Y cuando estos hechos se repiten durante meses y años, la violencia se convierte en un obstáculo para el desarrollo económico. Eso es justamente lo que empieza a mostrar Sinaloa.
Desde septiembre de 2024, cuando comenzó la actual ola de violencia asociada a la disputa entre facciones del Cártel de Sinaloa, la economía sinaloense ha enfrentado un entorno mucho más complicado. Y aunque detrás de cada estadística existen historias humanas que ningún número puede contar, las cifras permiten ver que la violencia también tiene una factura económica.
De acuerdo con el Índice de Paz México 2025, elaborado por el Instituto para la Economía y la Paz (IEP), la violencia tuvo en Sinaloa un impacto económico estimado en 122 mil millones de pesos durante 2024. Y el mismo organismo estimó que en 2025 el impacto económico de la violencia en Sinaloa ascendió a 170.5 mil millones de pesos.
Los costos humanos son todavía más difíciles de contabilizar, porque una sociedad que pierde vidas pierde también capital humano, confianza, productividad, inversión y rumbo futuro. Por eso la pregunta que titula este texto tiene una respuesta sencilla: una vida humana no tiene precio.

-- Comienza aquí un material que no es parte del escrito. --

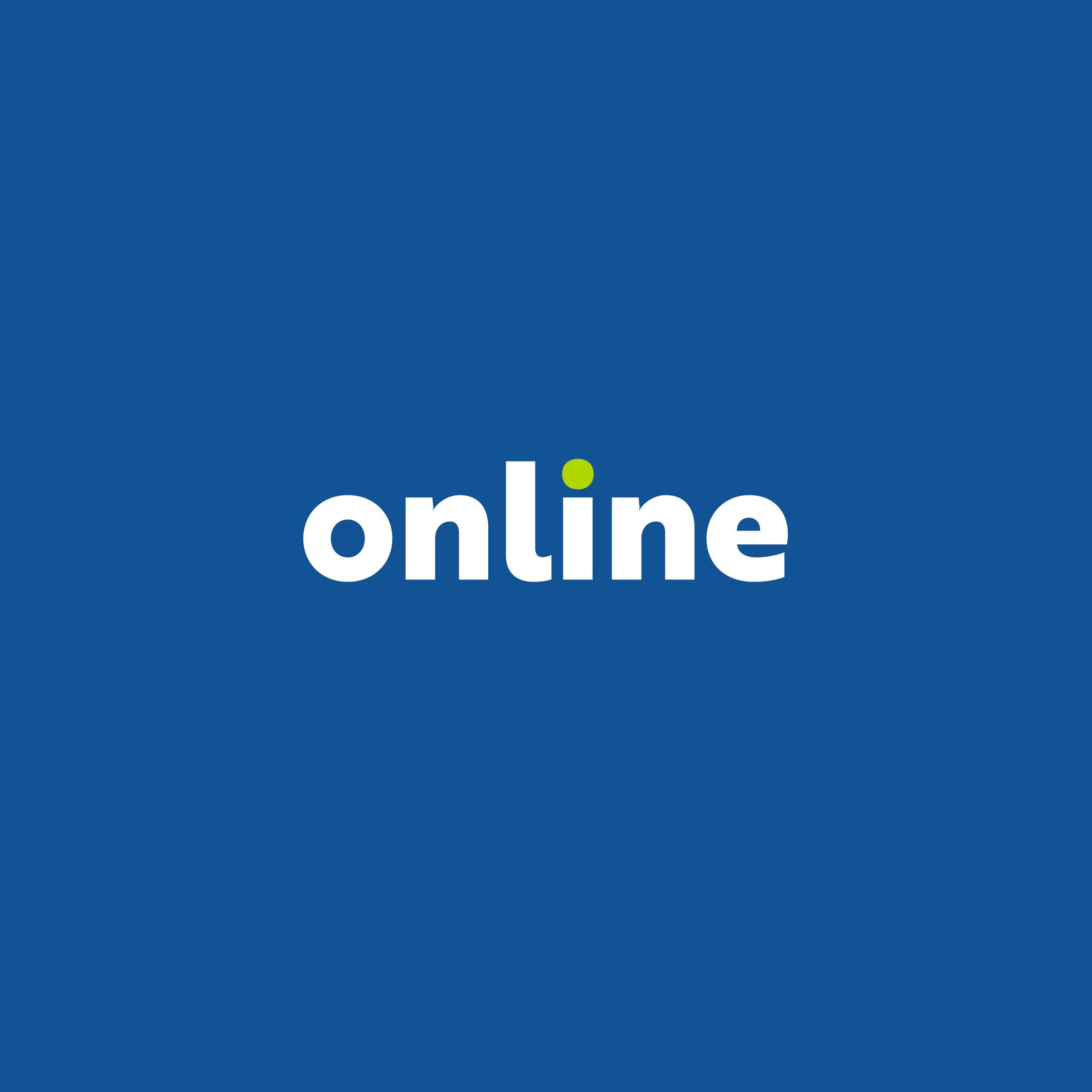 Blue background with the word 'online' in white, lowercase letters, with the dot above the 'i' in green.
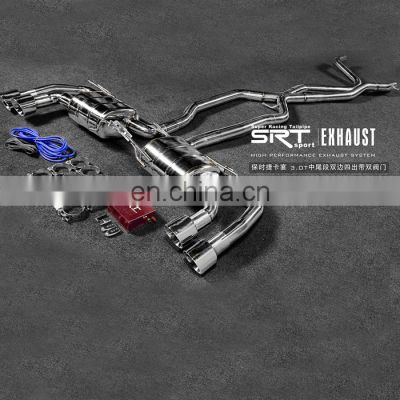 Exhaust Pipe for porsche cayenne 3.0T 4 tips with valve catback with quad double tip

Podemos calcular cuánto dinero deja de producir una persona. Podemos estimar el costo de un homicidio. Podemos calcular cuánto pierde la economía de una entidad por la violencia, pero no podemos ponerle precio a un hijo, a un padre o una madre. Porque la vida humana tiene un valor, pero nunca debería tener un precio.
Por 15 años, Pixel acompañó a mi hermana Rocío, hasta este fin de semana que murió. Pixel era un perrito mestizo con rasgos de varias razas pequeñas, con predomino de terrier; color beige y blanco. Fue su único compañero desde que se fue a estudiar y vivir sola al estado de Guanajuato. Estuvo con ella en las buenas y en las malas. Dormía a su lado y era el primero en darle los buenos días, y en darle la bienvenida después de un día de trabajo. Fue siempre fiel, siempre amoroso, siempre noble. Inclusive arriesgó su vida cuando en una ocasión un pitbull atacó a mi hermana. A pesar de la diferencia de tamaño, peso y bravura, se lanzó contra la enorme bestia.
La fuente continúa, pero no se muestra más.